Knowing how to choose the right laser engraver for your application is not that complicated. If you are willing to learn just the basics of fiber laser engraving, you can quickly identify what you need.
The first thing you must know is that there is no such thing as a “fiber laser engraver”. You may need a laser engraving machine for metal, but the laser you’re looking for could also be configured for laser cleaning as well as various laser marking applications.
In this article, you will find answers to the following questions:
- What Are the Types of Fiber Lasers?
- How Much Laser Power Do You Need?
- How Do You Choose a Fiber Laser Marking System?
- Why Choose a Fiber Laser for Metal Engraving?

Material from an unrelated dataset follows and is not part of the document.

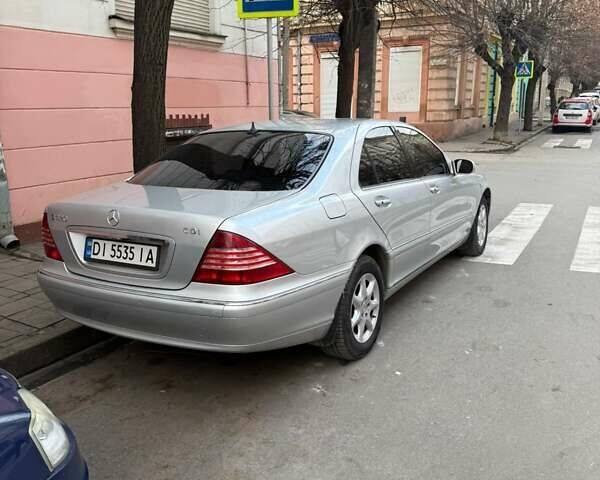 Серый Мерседес С Класс, объемом двигателя 3.2 л и пробегом 339 тыс. км за 8000 $, фото 1 на Automoto.ua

- How Does Fiber Laser Technology Work?
What Are the Types of Fiber Lasers?
Each type of fiber laser is the combination of a laser source, laser beam output, lens configuration and laser parameters. For that reason, there is a wide variety of fiber lasers that offer different benefits. Choosing the right technology is key to get optimal results.
The Laser Source
The laser source includes an optical fiber which can be doped with different rare-earth elements to generate specific wavelengths. By knowing the laser source and its wavelength, you can quickly know if a fiber laser is right for your application. Let’s look at common examples:
- Ytterbium-doped fiber lasers produce a wavelength of 1064 nm, which makes them ideal for the material processing of metals. These are the fiber lasers that Laserax uses for metal marking and cleaning applications.
- Thulium-doped fiber lasers produce a wavelength of 1940 nm and can be used for medical applications as well as for laser marking plastics.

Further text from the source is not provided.